Катя молчала. Она привыкла в деревне соблюдать посты по необходимости, потому что все стали бы указывать на неё пальцами. Посты в Березовке соблюдались с особенной настойчивостью, и в конце концов она пришла к заключению, что в них нет ничего страшного, а даже известная польза — получалась известная выдержка, а затем даже в физическом отношении это было полезно.
— А главное, скверно то, что Петушок обманывает, — продолжал Петр Афонасьевич. — Пошел и потихоньку наелся. Нет, нехорошо.
Вообще выдался грустный день. Катя провела всё время в хлопотах по хозяйству, как это делалось при матери. Заставила кухарку вымыть полы, окна и двери, переменила занавески на окнах, постлала новые половики, затеплила лампадки перед образом, — одним словом, делала то же самое, что всегда делалось при Марфе Даниловне.
— Вот это хорошо… — похвалил её Петр Афонасьевич, принимавший деятельное участие в этих хлопотах. — Праздник так праздник. Утром я пойду к заутрене в общину.
Катя устала и хотела просто выспаться. Она уже была два раза в общине у сестры Агапиты. Спать легли рано. Петр Афонасьевич весь вечер чувствовал себя как-то особенно оживленно и походил на прежнего Петра Афонасьевича, домовитого, деятельного, старательного. Неожиданно ночью он разбудил Катю.

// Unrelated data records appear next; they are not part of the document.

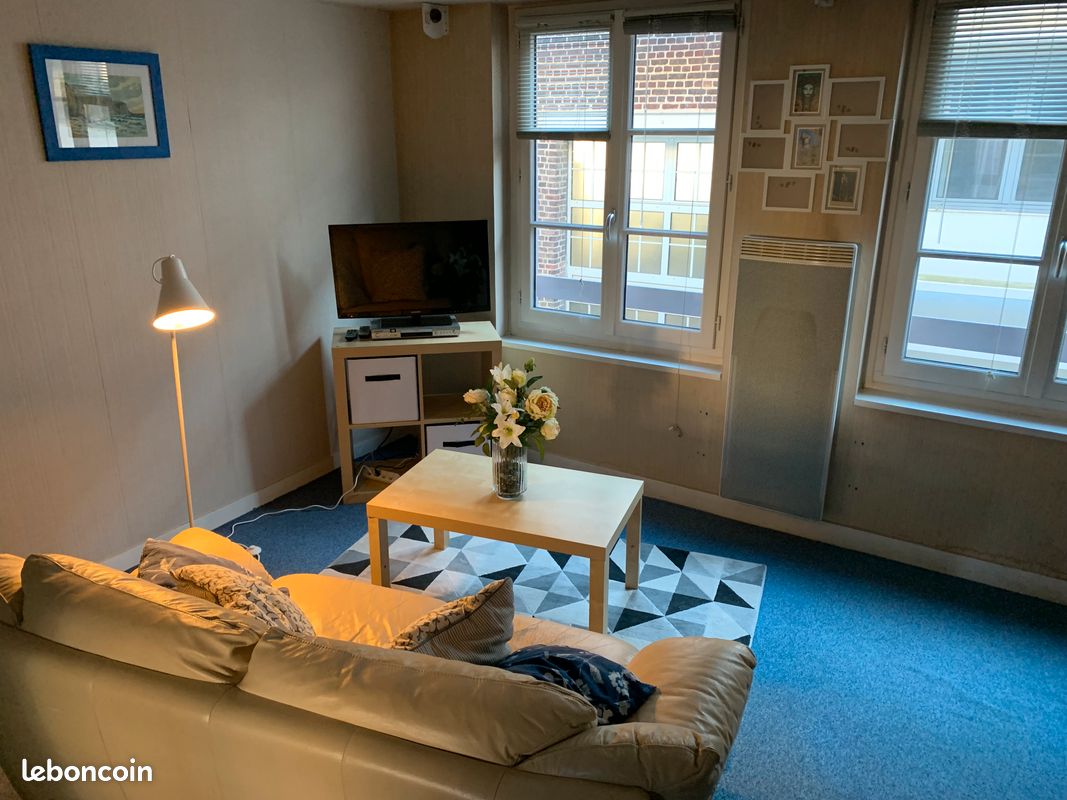 Appartement 1 pièce 34 m² · à Rouen · 34 m² · 690 €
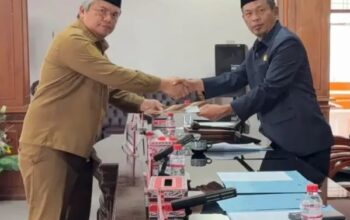 Pemkab Taput Usulkan Ranperda Baru, Organisasi BPBD Disesuaikan dengan Regulasi Terkini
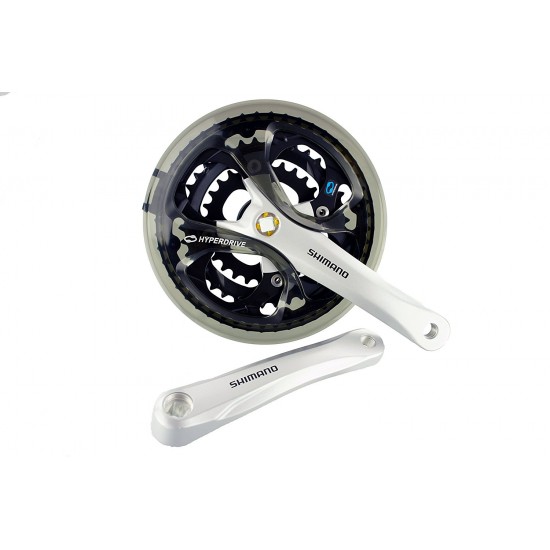 Курбели Shimano FC-M371 Компоненти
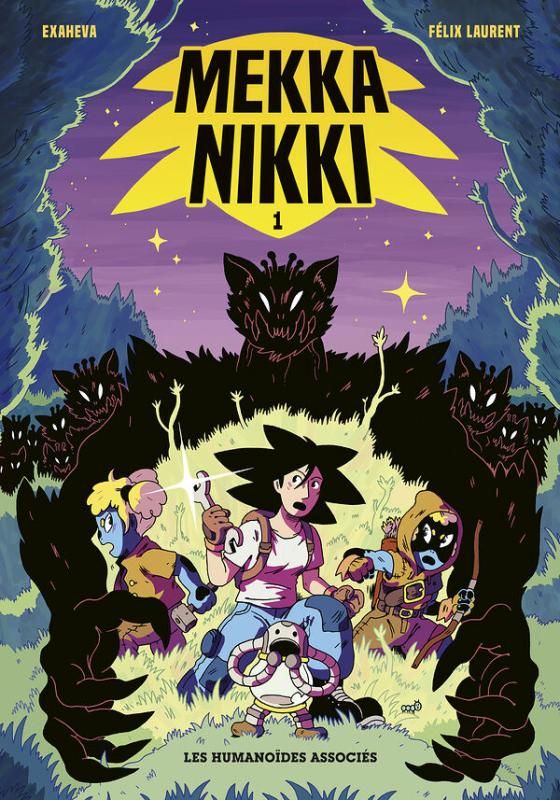 MEKKA NIKKI - TOME 1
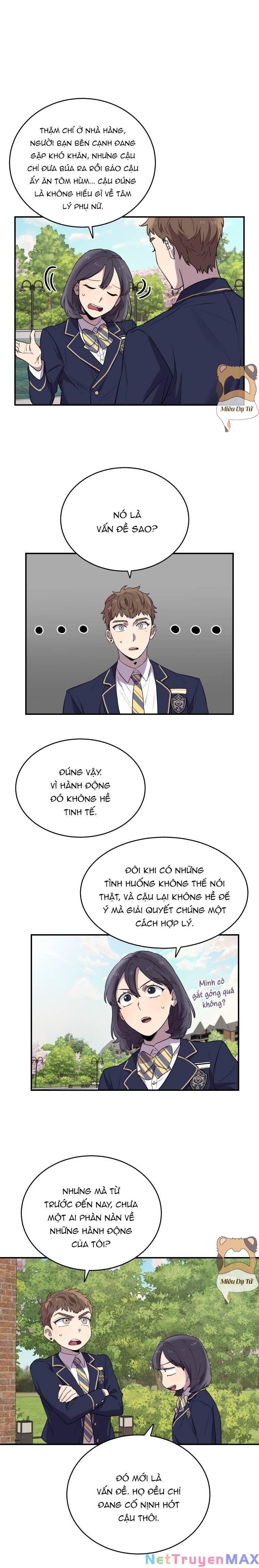 trên đời này không có ai ngu ngốc như thế chapter 10 9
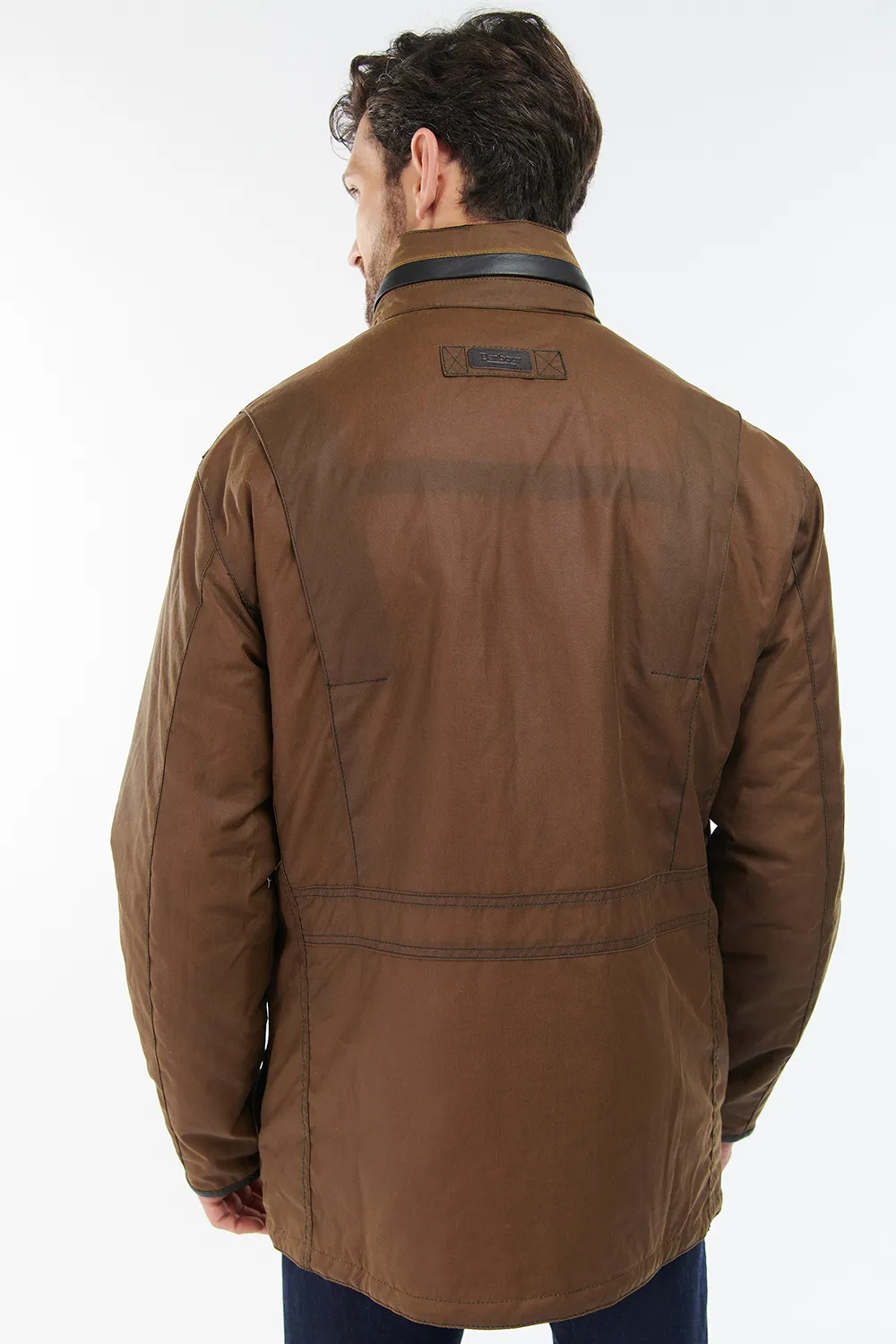 Barbour Chaqueta Malcolm Wax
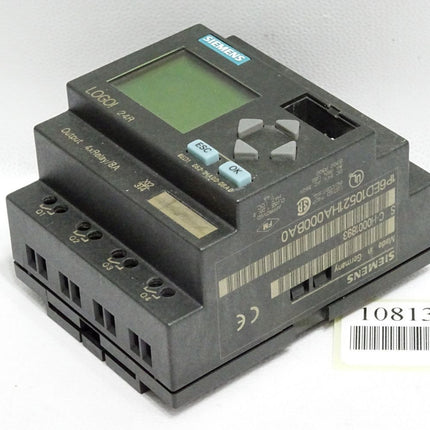 Siemens LOGO!24R 6ED1052-1HA00-0BA0 6ED1 052-1HA00-0BA0 - Maranos.de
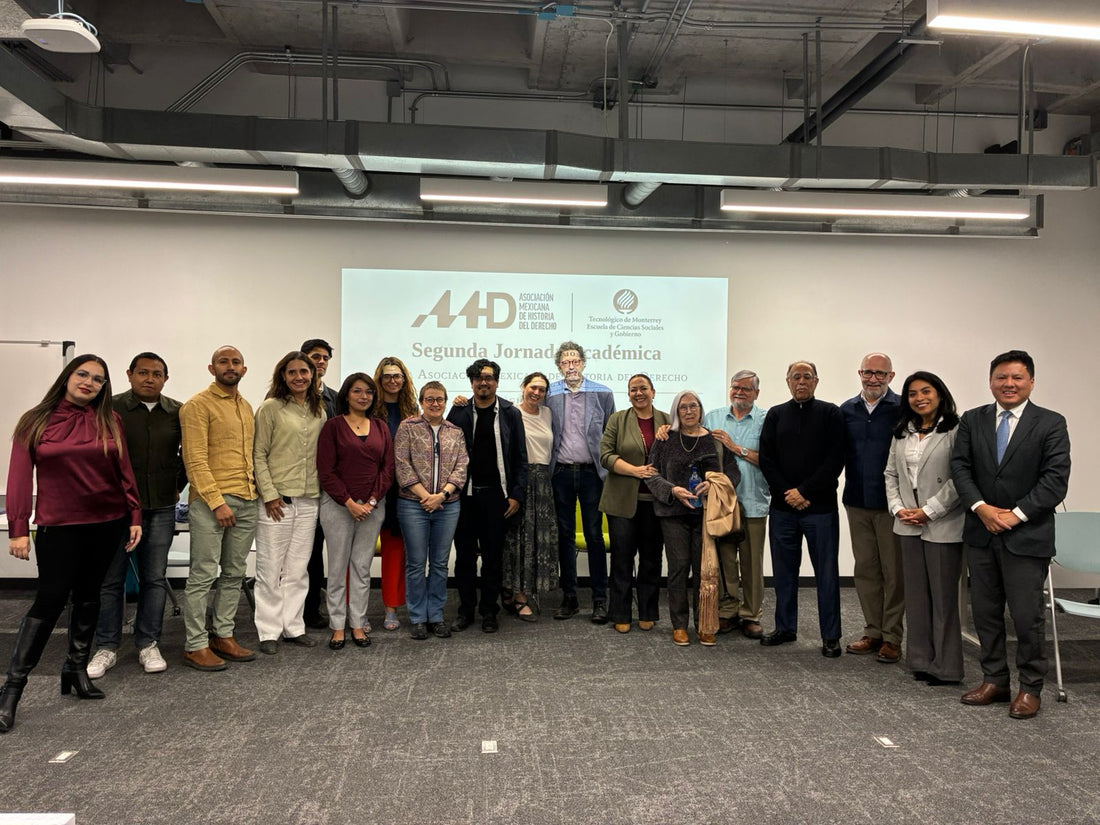 Segundas Jornadas Académicas de nuestra Asociación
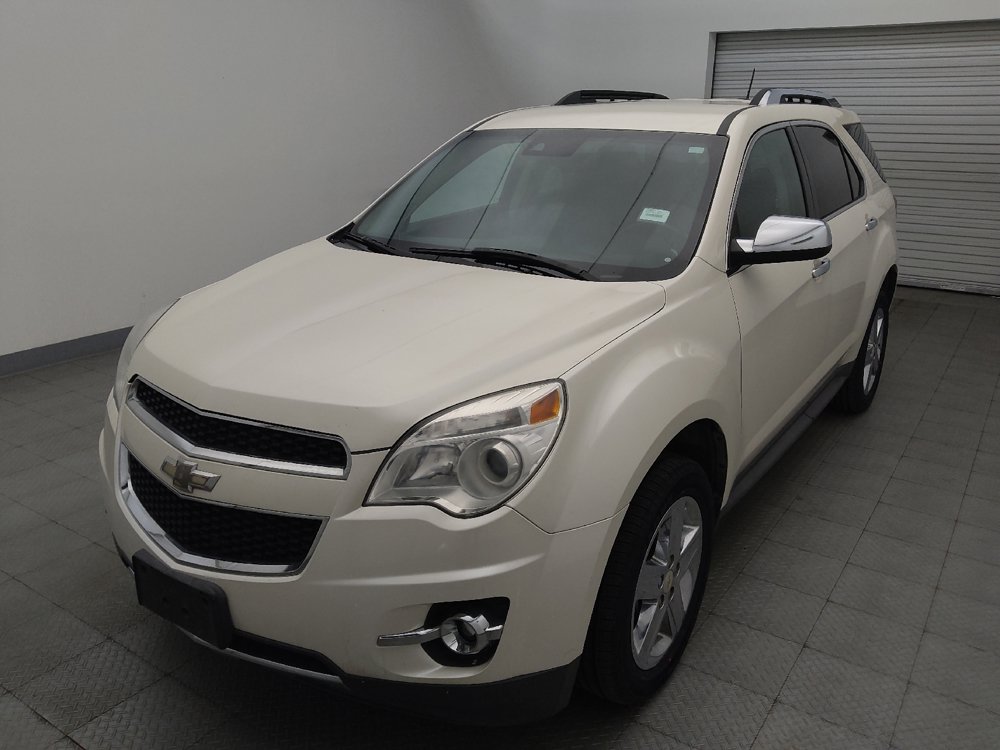 Used 2015 Chevrolet Equinox LTZ FWD image 15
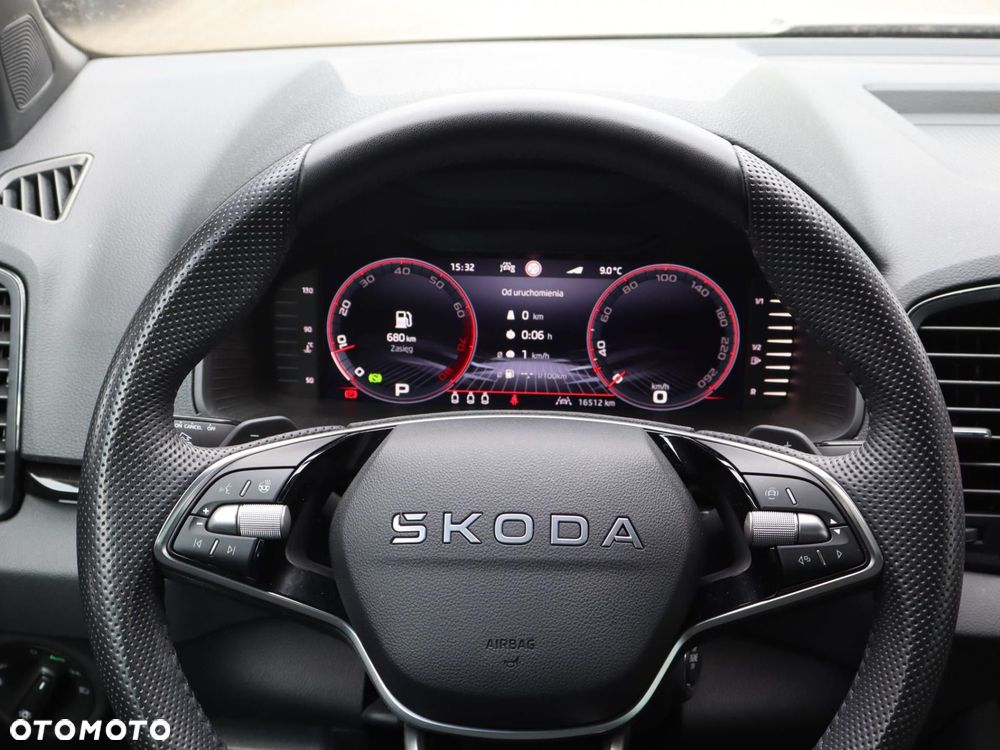 Skoda Karoq 1.5 TSI ACT 4x2 Sportline DSG - 12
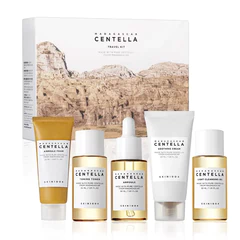 Madagascar Centella Travel Kit (5 minis)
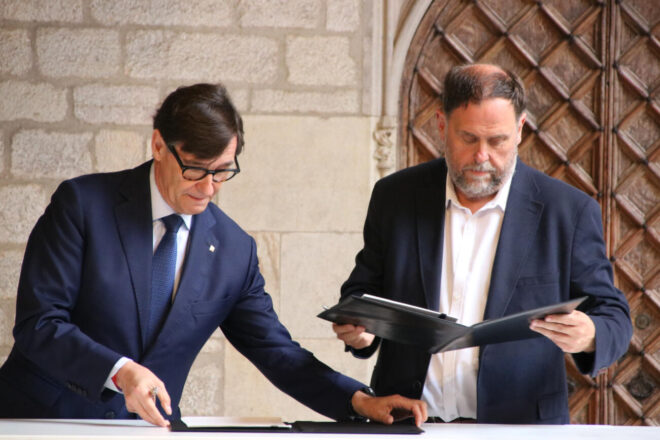 Què s’amaga rere la lletra petita de l’acord del pressupost?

— Что тебе, папа? — удивилась Катя.
Было два часа ночи. Он стоял перед ней в своем халате, бледный, испуганный, с округлившимися от страха глазами.
— Что случилось, папа? Ты болен?
— Нет, я так… Мне страшно, Катя. Стал засыпать, даже, кажется, заснул, и вдруг напал на меня страх. Такой страх, такой страх. Сам не знаю, чего боюсь. Лежу и не смею пошевелиться.